WHAT TO PRODUCE: Output, exactly as written, the lines below starting at the line containing "Brzdový třmen ESEN SKV 74SKV874" and ending at the line containing "Entercom CBS Radio Sprinoffs". Drop the pictures and keep both end lines.

PROVIDED DATA:
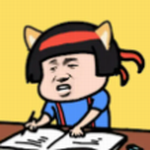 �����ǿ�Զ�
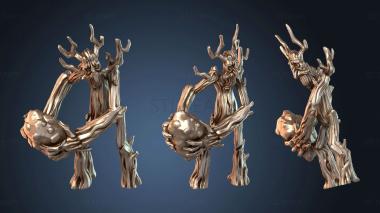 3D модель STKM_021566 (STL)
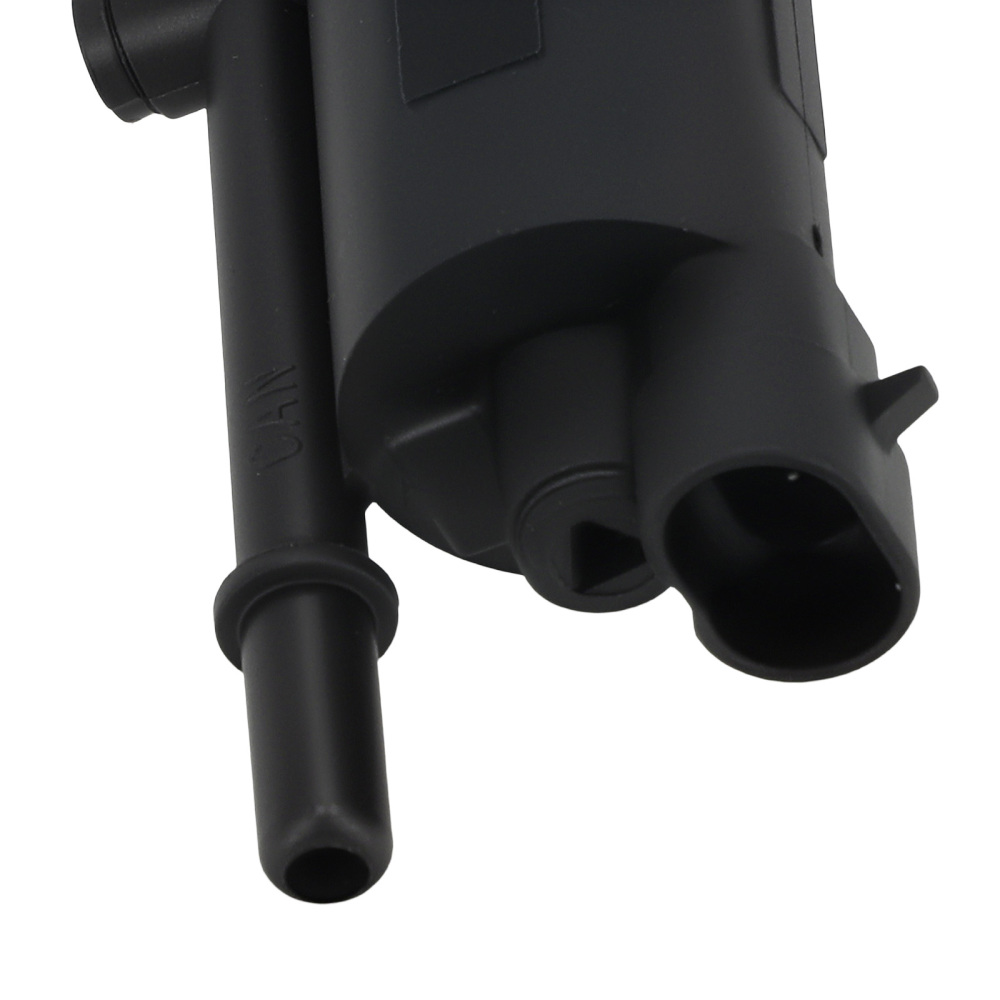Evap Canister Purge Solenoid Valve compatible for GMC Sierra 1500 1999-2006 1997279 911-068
==
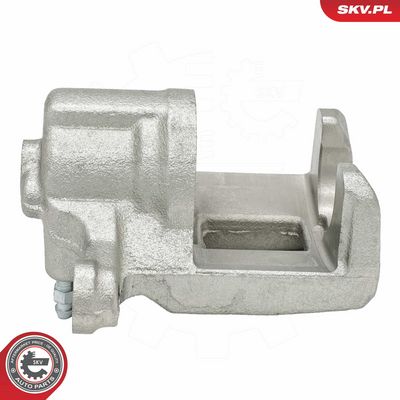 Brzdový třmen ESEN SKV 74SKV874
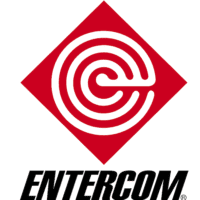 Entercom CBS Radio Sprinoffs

YOUR RESPONSE:
 Brzdový třmen ESEN SKV 74SKV874
 Entercom CBS Radio Sprinoffs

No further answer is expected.